Ces pratiques se poursuivirent jusqu’au mois de novembre 1944. Sur l’ordre d’Himmler, les installations meurtrières, chambres à gaz, fours crématoires, furent alors détruites, comme avaient été détruits, un an auparavant, les équipements analogues des camps polonais — à la seule exception de Maïdanek.

Le camp d’Auschwitz fut évacué devant l’avance soviétique au tout début de 1945. R. Hoess estimait le nombre des victimes à deux millions et demi de gazés, à un demi-million de morts dans le camp proprement dit ; ces chiffres sont certainement exagérés, mais il n’est pas possible d’en donner de sûrs : les SS ne comptabilisaient pas ceux qui étaient immédiatement conduits à la chambre à gaz.

4. — Un témoignage, un document peuvent toujours être suspectés. La critique des textes est une des règles fondamentales de notre profession. Il n’est pourtant pas possible de suspecter un ensemble gigantesque de témoignages concordants, émanant de personnes de toutes les professions, de tous les niveaux d’instruction, témoignages qui, pour nombre d’entre eux, ont été produits en justice au cours de procès, où l’on a vu les magistrats, y compris les magistrats allemands, se faire de plus en plus exigeants quant à la qualité de la preuve, au fur et à mesure que l’impression d’horreur immédiate qui avait marqué la fin de la guerre s’éloignait. Faut-il préciser où ont témoigné tous ceux qui ont participé à quelque niveau que ce soit, au processus d’extermination, depuis les membres du « Sonderkommando » chargés de conduire les victimes à la chambre et de dépouiller les cadavres, jusqu’au commandant d’Auschwitz en personne ?

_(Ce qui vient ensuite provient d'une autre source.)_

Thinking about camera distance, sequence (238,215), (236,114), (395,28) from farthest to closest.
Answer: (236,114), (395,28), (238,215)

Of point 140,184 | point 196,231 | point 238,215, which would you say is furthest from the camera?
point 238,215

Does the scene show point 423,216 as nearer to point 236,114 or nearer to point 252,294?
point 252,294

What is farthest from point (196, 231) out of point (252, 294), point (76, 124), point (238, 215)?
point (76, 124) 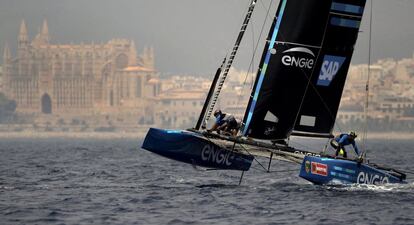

5. — Un dernier mot pour finir. Chacun est libre d’interpréter un phénomène comme le génocide hitlérien selon la philosophie qui est la sienne. Chacun est libre de le confronter ou de ne pas le confronter avec d’autres entreprises de meurtres, antérieures, contemporaines, postérieures. Chacun est libre de se référer à tel ou tel type d’explication, chacun est libre, à la limite, d’imaginer ou de rêver que ces faits monstrueux n’ont pas eu lieu. Ils ont malheureusement eu lieu et personne ne peut en nier l’existence sans outrager la vérité. Il ne faut pas se demander comment techniquement un tel meurtre de masse a été possible. Il a été possible techniquement puisqu’il a eu lieu. Tel est le point de départ obligé de toute enquête sur ce sujet. Cette vérité, il nous appartient de la rappeler simplement, il n’y a pas, il ne peut pas y avoir de débat sur l’existence des chambres à gaz.

Ce texte a été signé par les historiens dont les noms suivent et qui travaillent ou enseignent au Collège de France, au CNRS, dans les universités de Paris et de province, à l’École des hautes études en sciences sociales, à l’École pratique des hautes études : Philippe Ariès, Alain Besançon, Robert Bonnaud, Fernand Braudel, Pierre Chaunu, Monique Clavel-Levêque, Marc Ferro, François Furet, Jacques Julliard, Ernest Labrousse, Jacques Le Goff, Emmanuel Leroy Ladurie, Pierre Levêque, Nicole Loraux, Robert Mandrou, Claude Mossé, Roland Mousnier, Jacques Néré, Claude Nicolet, Valentin Nikiprowetzky, Evelyne Patlagean, Michelle Perrot, Léon Poliakov, Madeleine Rebérioux, Maxime Rodinson, Jean Rougé, Lilly Scherr, Pierre Sorlin, Lucette Valensi, Jean-Pierre Vernant, Paul Veyne, Pierre Vidal-Naquet, Edouard Will.

[1] A Chelmno, camp créé en décembre 1941, il ne s’agit pas encore de chambres à gaz fixes, mais d’un garage abritant des « camions à gaz » semblables à ceux qui étaient utilisés en Russie par les Einsatzgruppen.